Epilepsy.com states that Dilantin, generic name phenytoin, is a drug of choice for epilepsy. Dilantin is easy to use, is effective against a number of different types of seizure activity and is cost-effective. First developed in 1938, it comes in 30 mg and 100 mg capsules, 50 mg chewable tablets, an oral suspension and parenteral, or injectable, solution. If contraindications exist, such as allergies or drug interactions, alternative medications and treatments are available.
The brand name for carbamazapine is Tegretol. Tegretol is used in epileptic patients who experience partial seizures, grand mal or generalized tonic-clonic seizures and seizures that are a mix of both types. Epilepsy.com lists availability in 100 mg chewable tablets, 200 mg nonchewable tablets and oral suspension. Common side effects include drowsiness, poor balance, nausea and vomiting.
The Epilepsy Center of West Virginia University says 70 percent of individuals suffering from epilepsy can become seizure-free or seizure-reduced with surgery and surgery may reduce the risk of injury and death. Of the 30 percent of people not controlled by anti-epileptic medication, one in three will qualify for surgery. Surgical methods used include lesionectomy, vagus nerve stimulation and hemispherectomy.

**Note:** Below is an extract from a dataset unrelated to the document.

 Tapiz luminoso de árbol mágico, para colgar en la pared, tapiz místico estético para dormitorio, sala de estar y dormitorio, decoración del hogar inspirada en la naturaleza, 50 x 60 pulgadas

The Epilepsy Foundation states a ketogenic diet is useful in preventing seizures in one out of three children and useful in controlling epilepsy in three out of five. The diet is high in fat and low in carbohydrates and protein. Strict adherence is necessary to be effective, as is close monitoring by a physician. The diet encourages the body to use fat as a source of energy instead of carbohydrates and proteins. As of 2010, the reason why the diet aids in controlling seizures is unknown.